* _Stored data_

********

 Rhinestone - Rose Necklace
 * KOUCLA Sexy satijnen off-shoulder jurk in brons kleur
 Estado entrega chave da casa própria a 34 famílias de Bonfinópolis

********

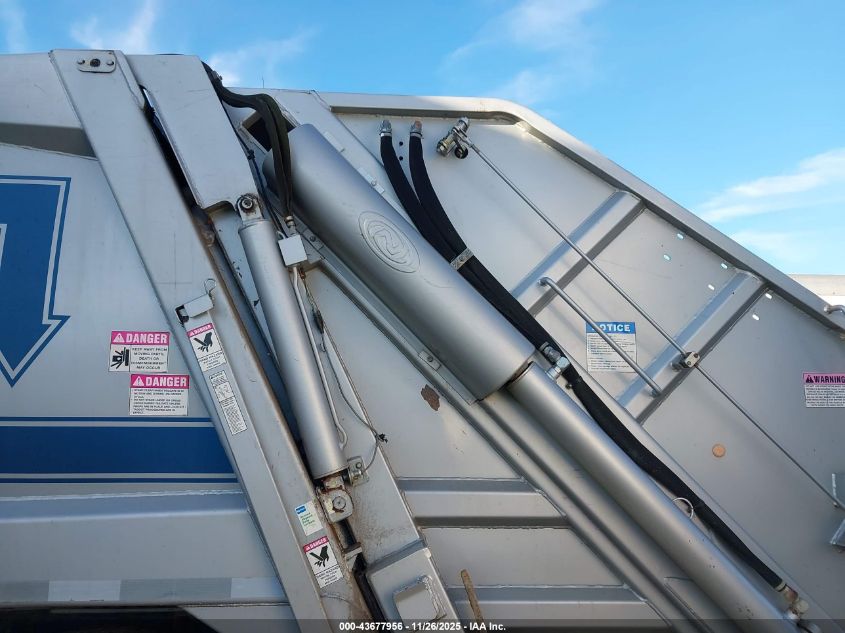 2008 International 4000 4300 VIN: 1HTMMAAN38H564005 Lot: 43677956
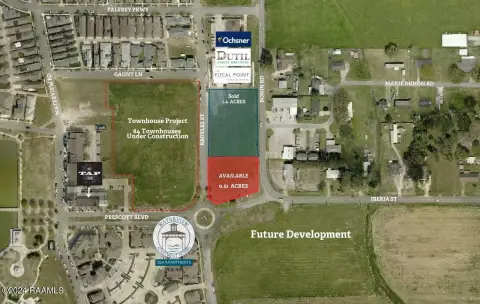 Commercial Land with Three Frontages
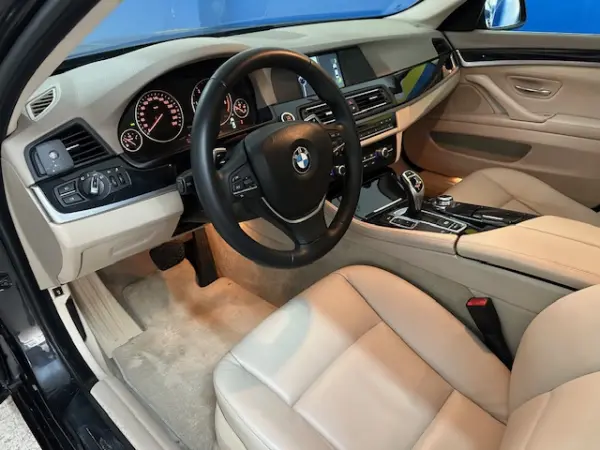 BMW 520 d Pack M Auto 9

********

Beginning with the line holding "Rhinestone - Rose Necklace" and ending with the line holding "Estado entrega chave", write out the stretch of material above exactly; add no further lines.

 Rhinestone - Rose Necklace
 * KOUCLA Sexy satijnen off-shoulder jurk in brons kleur
 Estado entrega chave da casa própria a 34 famílias de Bonfinópolis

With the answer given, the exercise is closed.